La barrera biológica es un sistema diseñado para identificar y detener el alcance y la propagación de enfermedades contagiosas en un destino específico.
La barrera biológica es un sistema diseñado para identificar y detener el alcance y la propagación de enfermedades contagiosas en un destino específico. (Archivo)

Ante el hecho de que Puerto Rico se abrirá al turismo el próximo 15 de julio, requerir a los viajeros que presenten una prueba molecular de COVID-19 con resultado negativo al llegar a la isla podría reducir sustancialmente los costos de reforzar el sistema que tiene actualmente el aeropuerto internacional Luis Muñoz Marín, en Isla Verde, para reducir la entrada de personas contagiadas.

“Si hasta un 70% de los pasajeros se hacen las pruebas antes de llegar a Puerto Rico, eso implicaría que la inversión en pruebas para un periodo de 12 meses estaría más cerca de los $20 millones que de los $50 millones, que sería el costo si se le va a hacer la prueba a todos en el aeropuerto”, detalló Jon Borschow, fundador de Foundation for Puerto Rico, entidad sin fines de lucro que impulsa la propuesta de implementar una barrera biológica en la instalación aeroportuaria. El ahorro sería de unos $30 millones.

La barrera biológica es un sistema diseñado para identificar y detener el alcance y la propagación de enfermedades contagiosas en un destino específico. Algunos elementos de la barrera biológica, como la disponibilidad de pruebas voluntarias de coronavirus COVID-19, ya están en vigor en el aeropuerto de Isla Verde.

Sin embargo, resaltó que el sistema será más efectivo y menos oneroso si se insta a los viajeros a que se hagan pruebas moleculares 72 horas o menos antes de arribar a la isla y que muestren que el resultado fue negativo. “La mayor variable es el costo de las pruebas. Requerir que se hagan las pruebas de antemano reduciría el costo para Puerto Rico”, insistió.

Dijo que la inversión de hasta $50 millones en pruebas moleculares a viajeros por un año se calculó a base proyecciones que apuntan a que, después de que la isla se abra a turistas de Estados Unidos y otros países en julio, la llegada de pasajeros al aeropuerto internacional llegará primero a los 5,000 diarios y después subirá paulatinamente hasta llegar a los 15,000 o 20,000 que arriban a diario en una temporada alta normal, en invierno.

La propuesta de la entidad sin fines de lucro es que se anime a los viajeros a hacerse la prueba molecular de COVID-19 antes de arribar a la isla y mostrar que el resultado fue negativo. Así, solo se le pedirá que se administren la prueba en el aeropuerto a quienes no se la hayan hecho antes. A los que se rehúsen, se les requeriría mantenerse en cuarentena durante 14 días, explicó Borschow.

Agregó que otras jurisdicciones han adoptado medidas similares a las que propone Foundation for Puerto Rico, como Alaska.
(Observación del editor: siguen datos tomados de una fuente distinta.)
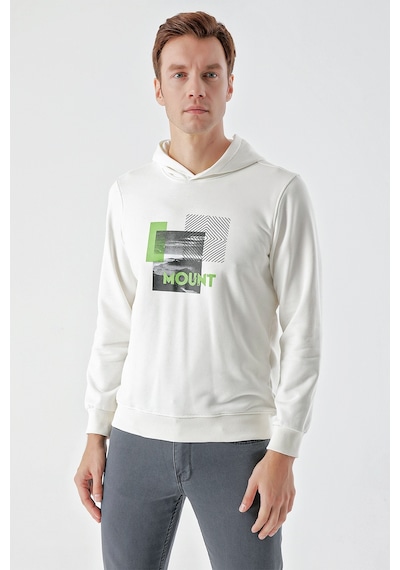 Morven Erkek Beyaz Trend Kapüşonlu Sweat-shirt Beyaz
El estado estableció a principios de este mes sus nuevos protocolos para viajeros que llegan desde otras naciones y estados de Estados Unidos. Para entrar a Alaska, todos deben llenar y entregar un formulario de declaración de viajero en que detallan su información de contacto, si tienen síntomas y si se hicieron la prueba de COVID-19. También tienen tres opciones: proveer un resultado negativo a la prueba que detecta el virus, hacerse la prueba en Alaska y mantenerse en cuarentena hasta que se reciban los resultados, o permanecer en cuarentena por 14 días.
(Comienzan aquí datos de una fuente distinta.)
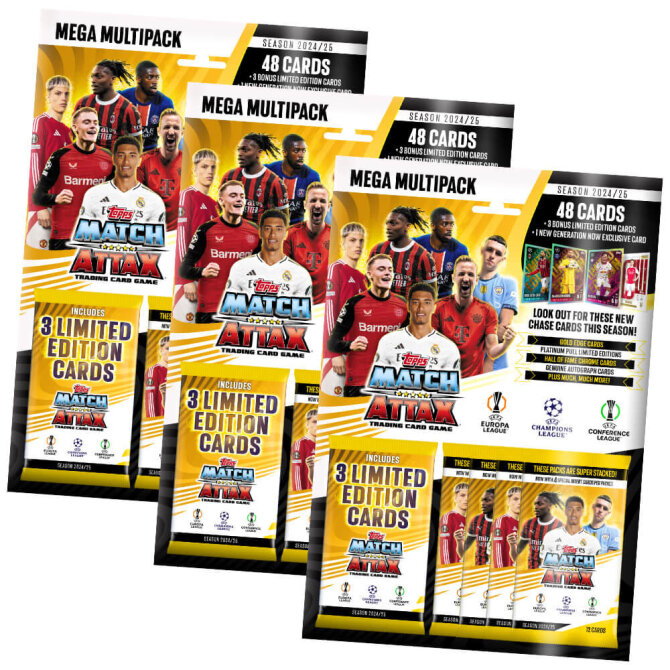 Topps Match Attax Karten Champions League 2024-2025 - 3 Multipack Sammelkarten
En el Caribe, las islas de Aruba y Santa Lucía exigen resultados negativos de COVID-19 a los viajeros cuando llegan, mientras que Jamaica le requiere la prueba a pasajeros que muestren síntomas de la enfermedad, como fiebre, tos o dificultad para respirar.

En el Pacífico, el estado de Hawaii exige a todos los viajeros internacionales y de Estados Unidos que entreguen un formulario de declaración de viajero, provean su información de contacto y se mantengan en cuarentena por 14 días.

Otra jurisdicción con medidas similares es Viena, en Austria, cuyo aeropuerto internacional ofrece pruebas moleculares de COVID-19 para los viajeros que lleguen y no tengan un certificado de salud como evidencia de que están libres del virus. Si el resultado -que está listo en tres horas- es negativo, se les suspende al visitante la cuarentena prescrita de 14 días.

Aunque, según Borschow, es muy temprano para conocer los resultados de medidas que fueron implementadas hace tan poco por estas jurisdicciones, resaltó que Alaska y Hawaii están entre los estados que menos casos de coronavirus tienen en Estados Unidos. De acuerdo con el Centro para el Control y la Prevención de Enfermedades, Alaska y Hawaii son dos de solo tres estados con menos de mil casos reportados hasta la fecha.